_Crawled caption data_:
= = =
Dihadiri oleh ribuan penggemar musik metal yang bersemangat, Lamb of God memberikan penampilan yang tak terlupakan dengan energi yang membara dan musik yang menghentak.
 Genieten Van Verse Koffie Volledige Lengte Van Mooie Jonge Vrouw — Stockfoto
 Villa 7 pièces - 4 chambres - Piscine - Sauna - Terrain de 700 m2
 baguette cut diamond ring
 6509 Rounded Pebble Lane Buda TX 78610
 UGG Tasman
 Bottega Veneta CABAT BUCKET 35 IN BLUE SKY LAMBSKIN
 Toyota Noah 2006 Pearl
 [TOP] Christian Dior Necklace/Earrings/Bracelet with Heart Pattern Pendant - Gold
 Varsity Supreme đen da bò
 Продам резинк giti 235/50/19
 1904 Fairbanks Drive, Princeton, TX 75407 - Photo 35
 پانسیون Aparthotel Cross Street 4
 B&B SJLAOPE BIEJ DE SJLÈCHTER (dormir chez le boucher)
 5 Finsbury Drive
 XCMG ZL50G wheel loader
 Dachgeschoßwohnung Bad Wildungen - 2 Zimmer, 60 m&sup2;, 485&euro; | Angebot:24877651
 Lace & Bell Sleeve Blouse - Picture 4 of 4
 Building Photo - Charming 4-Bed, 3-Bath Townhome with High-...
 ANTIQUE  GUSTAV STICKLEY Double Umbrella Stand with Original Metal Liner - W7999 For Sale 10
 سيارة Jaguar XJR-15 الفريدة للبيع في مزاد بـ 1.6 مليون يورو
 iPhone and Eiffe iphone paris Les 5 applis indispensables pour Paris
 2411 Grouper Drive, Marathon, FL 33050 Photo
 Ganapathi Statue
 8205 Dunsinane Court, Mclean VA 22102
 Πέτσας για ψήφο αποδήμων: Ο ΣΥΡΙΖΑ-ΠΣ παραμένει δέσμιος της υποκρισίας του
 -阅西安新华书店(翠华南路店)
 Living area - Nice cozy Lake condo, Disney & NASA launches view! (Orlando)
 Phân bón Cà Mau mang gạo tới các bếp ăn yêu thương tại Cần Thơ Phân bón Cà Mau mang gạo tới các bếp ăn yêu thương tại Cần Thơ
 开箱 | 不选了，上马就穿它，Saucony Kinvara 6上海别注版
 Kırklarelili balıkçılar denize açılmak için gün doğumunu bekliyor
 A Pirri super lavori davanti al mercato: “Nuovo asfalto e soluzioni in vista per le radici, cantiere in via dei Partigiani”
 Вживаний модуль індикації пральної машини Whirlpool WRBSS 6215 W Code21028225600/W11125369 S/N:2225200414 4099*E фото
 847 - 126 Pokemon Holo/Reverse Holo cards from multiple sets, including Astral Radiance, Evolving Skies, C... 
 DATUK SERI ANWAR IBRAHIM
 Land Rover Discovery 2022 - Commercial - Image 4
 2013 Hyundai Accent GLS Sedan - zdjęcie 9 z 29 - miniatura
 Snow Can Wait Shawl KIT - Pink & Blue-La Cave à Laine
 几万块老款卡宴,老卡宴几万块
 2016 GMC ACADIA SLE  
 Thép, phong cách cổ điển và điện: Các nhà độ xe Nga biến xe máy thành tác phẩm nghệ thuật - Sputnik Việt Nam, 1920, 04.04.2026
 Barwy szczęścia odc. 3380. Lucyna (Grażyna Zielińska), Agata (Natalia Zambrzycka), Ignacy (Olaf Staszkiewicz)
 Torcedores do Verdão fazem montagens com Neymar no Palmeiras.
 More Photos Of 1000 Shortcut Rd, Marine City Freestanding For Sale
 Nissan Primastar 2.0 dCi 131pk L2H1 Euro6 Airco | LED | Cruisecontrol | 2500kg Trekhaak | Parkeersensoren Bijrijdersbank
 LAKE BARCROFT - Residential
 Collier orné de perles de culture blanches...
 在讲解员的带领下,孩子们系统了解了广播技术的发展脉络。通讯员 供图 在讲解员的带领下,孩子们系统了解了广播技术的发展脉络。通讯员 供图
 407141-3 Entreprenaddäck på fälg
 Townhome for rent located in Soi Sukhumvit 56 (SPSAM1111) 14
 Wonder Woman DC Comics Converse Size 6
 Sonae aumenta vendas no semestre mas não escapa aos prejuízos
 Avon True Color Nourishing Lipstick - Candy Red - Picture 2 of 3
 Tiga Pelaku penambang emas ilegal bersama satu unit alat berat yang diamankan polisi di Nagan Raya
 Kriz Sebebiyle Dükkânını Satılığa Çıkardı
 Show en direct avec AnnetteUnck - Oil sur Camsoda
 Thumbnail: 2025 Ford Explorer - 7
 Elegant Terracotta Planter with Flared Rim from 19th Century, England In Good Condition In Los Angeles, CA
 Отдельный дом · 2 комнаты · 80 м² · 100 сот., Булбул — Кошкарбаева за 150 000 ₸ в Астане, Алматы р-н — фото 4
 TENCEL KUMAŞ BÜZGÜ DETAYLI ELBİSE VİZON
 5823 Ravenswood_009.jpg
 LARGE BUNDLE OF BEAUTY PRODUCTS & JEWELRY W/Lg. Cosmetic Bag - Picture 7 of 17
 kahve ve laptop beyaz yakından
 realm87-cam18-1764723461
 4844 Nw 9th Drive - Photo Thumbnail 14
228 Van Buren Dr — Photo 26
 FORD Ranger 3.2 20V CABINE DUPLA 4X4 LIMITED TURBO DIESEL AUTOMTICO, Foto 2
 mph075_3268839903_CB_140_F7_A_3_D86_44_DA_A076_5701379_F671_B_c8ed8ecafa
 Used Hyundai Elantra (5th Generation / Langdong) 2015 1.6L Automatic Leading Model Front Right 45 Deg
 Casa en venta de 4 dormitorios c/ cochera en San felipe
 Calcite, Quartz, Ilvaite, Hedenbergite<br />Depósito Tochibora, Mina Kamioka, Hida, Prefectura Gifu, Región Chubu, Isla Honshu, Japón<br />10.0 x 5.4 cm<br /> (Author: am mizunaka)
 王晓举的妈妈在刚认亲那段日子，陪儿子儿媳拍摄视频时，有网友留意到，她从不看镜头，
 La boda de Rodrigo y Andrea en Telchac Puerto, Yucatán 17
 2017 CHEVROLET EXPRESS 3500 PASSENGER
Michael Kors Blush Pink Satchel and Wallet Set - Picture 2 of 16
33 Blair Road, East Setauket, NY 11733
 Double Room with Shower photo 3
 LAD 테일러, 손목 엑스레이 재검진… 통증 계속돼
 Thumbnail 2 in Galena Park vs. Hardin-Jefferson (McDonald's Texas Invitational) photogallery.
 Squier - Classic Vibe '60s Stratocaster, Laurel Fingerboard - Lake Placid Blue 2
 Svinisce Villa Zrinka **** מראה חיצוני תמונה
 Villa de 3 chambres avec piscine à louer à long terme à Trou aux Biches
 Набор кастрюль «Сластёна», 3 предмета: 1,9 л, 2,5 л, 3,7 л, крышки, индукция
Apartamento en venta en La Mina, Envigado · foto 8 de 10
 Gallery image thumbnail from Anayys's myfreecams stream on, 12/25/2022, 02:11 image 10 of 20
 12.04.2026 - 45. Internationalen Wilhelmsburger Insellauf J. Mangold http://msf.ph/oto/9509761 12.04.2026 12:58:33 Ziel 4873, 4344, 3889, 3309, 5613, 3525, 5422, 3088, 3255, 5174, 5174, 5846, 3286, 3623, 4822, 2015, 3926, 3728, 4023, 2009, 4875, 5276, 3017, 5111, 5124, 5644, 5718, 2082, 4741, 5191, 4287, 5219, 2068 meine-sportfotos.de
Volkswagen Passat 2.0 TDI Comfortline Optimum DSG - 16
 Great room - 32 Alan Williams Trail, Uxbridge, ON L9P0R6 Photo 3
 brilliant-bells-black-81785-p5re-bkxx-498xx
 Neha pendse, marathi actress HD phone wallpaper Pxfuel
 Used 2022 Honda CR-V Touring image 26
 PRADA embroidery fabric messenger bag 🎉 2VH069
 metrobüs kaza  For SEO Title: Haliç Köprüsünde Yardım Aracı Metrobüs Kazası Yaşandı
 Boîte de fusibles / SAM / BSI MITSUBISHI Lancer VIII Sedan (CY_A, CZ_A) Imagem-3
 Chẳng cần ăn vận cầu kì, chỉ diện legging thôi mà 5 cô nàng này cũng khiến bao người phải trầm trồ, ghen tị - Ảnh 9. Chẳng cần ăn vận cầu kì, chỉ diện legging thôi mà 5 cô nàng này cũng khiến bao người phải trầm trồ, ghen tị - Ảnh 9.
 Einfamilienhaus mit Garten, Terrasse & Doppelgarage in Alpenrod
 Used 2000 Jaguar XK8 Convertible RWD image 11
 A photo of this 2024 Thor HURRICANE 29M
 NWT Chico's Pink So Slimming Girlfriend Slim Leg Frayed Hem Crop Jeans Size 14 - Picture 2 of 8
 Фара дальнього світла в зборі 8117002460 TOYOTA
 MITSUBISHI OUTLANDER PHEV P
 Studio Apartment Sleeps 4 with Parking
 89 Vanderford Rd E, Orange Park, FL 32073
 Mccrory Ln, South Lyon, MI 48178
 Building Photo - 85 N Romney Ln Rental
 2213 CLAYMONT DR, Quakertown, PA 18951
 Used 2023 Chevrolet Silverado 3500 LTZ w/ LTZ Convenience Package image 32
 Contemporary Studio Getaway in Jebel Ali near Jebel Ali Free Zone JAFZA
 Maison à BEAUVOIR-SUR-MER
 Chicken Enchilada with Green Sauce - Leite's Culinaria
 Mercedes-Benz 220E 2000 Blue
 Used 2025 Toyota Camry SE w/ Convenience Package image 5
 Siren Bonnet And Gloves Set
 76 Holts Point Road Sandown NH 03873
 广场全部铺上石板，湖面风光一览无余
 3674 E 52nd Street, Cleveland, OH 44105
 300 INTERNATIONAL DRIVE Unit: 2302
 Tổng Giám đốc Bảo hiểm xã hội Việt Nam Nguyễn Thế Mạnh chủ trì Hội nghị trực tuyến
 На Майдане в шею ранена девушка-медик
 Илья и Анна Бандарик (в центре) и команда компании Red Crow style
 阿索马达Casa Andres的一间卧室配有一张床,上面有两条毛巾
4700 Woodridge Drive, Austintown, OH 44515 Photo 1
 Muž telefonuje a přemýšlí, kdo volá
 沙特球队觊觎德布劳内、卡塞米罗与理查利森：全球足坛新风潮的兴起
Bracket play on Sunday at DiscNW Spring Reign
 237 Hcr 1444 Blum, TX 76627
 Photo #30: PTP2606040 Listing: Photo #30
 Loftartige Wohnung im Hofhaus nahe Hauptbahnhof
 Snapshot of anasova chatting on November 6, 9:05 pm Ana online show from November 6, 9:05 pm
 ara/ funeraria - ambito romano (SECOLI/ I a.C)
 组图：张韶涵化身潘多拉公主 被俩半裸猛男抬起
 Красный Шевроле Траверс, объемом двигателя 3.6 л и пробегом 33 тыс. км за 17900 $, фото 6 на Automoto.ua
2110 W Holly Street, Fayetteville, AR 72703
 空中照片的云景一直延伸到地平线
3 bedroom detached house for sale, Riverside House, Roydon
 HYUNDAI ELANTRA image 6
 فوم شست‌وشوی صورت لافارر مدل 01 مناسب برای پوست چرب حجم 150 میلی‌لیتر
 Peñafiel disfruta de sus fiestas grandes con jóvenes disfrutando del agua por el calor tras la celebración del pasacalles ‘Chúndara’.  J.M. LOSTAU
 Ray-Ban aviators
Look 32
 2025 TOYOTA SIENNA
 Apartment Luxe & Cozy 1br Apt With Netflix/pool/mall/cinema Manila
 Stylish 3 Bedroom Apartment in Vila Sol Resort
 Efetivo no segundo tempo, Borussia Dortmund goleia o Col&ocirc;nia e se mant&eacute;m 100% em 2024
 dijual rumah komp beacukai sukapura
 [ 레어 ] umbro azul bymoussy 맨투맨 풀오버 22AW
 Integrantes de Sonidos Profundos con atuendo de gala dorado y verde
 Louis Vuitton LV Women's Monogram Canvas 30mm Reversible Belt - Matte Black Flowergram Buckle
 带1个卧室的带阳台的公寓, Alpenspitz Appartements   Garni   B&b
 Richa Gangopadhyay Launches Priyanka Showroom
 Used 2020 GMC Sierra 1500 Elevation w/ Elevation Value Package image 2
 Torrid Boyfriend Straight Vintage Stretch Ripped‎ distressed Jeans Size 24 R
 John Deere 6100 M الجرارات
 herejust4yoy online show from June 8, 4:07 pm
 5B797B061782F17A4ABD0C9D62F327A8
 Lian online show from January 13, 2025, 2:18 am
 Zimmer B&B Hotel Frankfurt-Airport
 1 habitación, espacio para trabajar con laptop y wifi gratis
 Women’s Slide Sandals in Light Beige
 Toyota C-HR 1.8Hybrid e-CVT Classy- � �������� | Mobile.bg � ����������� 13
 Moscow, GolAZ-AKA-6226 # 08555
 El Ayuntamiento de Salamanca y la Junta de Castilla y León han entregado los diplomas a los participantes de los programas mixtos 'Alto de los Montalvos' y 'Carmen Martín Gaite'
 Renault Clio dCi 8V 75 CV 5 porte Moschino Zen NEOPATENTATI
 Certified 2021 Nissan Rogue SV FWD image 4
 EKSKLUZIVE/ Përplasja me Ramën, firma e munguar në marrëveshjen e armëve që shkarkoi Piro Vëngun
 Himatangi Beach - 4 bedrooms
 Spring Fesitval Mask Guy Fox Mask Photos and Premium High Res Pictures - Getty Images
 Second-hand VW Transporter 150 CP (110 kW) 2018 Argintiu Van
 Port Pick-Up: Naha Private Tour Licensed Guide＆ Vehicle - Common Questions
= = =
_Task goal_:
Please repeat word for word the lines above that run from the beginning through the line containing "几万块老款卡宴,老卡宴几万块", keeping both the first and that last line.

_Response_:
Dihadiri oleh ribuan penggemar musik metal yang bersemangat, Lamb of God memberikan penampilan yang tak terlupakan dengan energi yang membara dan musik yang menghentak.
 Genieten Van Verse Koffie Volledige Lengte Van Mooie Jonge Vrouw — Stockfoto
 Villa 7 pièces - 4 chambres - Piscine - Sauna - Terrain de 700 m2
 baguette cut diamond ring
 6509 Rounded Pebble Lane Buda TX 78610
 UGG Tasman
 Bottega Veneta CABAT BUCKET 35 IN BLUE SKY LAMBSKIN
 Toyota Noah 2006 Pearl
 [TOP] Christian Dior Necklace/Earrings/Bracelet with Heart Pattern Pendant - Gold
 Varsity Supreme đen da bò
 Продам резинк giti 235/50/19
 1904 Fairbanks Drive, Princeton, TX 75407 - Photo 35
 پانسیون Aparthotel Cross Street 4
 B&B SJLAOPE BIEJ DE SJLÈCHTER (dormir chez le boucher)
 5 Finsbury Drive
 XCMG ZL50G wheel loader
 Dachgeschoßwohnung Bad Wildungen - 2 Zimmer, 60 m&sup2;, 485&euro; | Angebot:24877651
 Lace & Bell Sleeve Blouse - Picture 4 of 4
 Building Photo - Charming 4-Bed, 3-Bath Townhome with High-...
 ANTIQUE  GUSTAV STICKLEY Double Umbrella Stand with Original Metal Liner - W7999 For Sale 10
 سيارة Jaguar XJR-15 الفريدة للبيع في مزاد بـ 1.6 مليون يورو
 iPhone and Eiffe iphone paris Les 5 applis indispensables pour Paris
 2411 Grouper Drive, Marathon, FL 33050 Photo
 Ganapathi Statue
 8205 Dunsinane Court, Mclean VA 22102
 Πέτσας για ψήφο αποδήμων: Ο ΣΥΡΙΖΑ-ΠΣ παραμένει δέσμιος της υποκρισίας του
 -阅西安新华书店(翠华南路店)
 Living area - Nice cozy Lake condo, Disney & NASA launches view! (Orlando)
 Phân bón Cà Mau mang gạo tới các bếp ăn yêu thương tại Cần Thơ Phân bón Cà Mau mang gạo tới các bếp ăn yêu thương tại Cần Thơ
 开箱 | 不选了，上马就穿它，Saucony Kinvara 6上海别注版
 Kırklarelili balıkçılar denize açılmak için gün doğumunu bekliyor
 A Pirri super lavori davanti al mercato: “Nuovo asfalto e soluzioni in vista per le radici, cantiere in via dei Partigiani”
 Вживаний модуль індикації пральної машини Whirlpool WRBSS 6215 W Code21028225600/W11125369 S/N:2225200414 4099*E фото
 847 - 126 Pokemon Holo/Reverse Holo cards from multiple sets, including Astral Radiance, Evolving Skies, C... 
 DATUK SERI ANWAR IBRAHIM
 Land Rover Discovery 2022 - Commercial - Image 4
 2013 Hyundai Accent GLS Sedan - zdjęcie 9 z 29 - miniatura
 Snow Can Wait Shawl KIT - Pink & Blue-La Cave à Laine
 几万块老款卡宴,老卡宴几万块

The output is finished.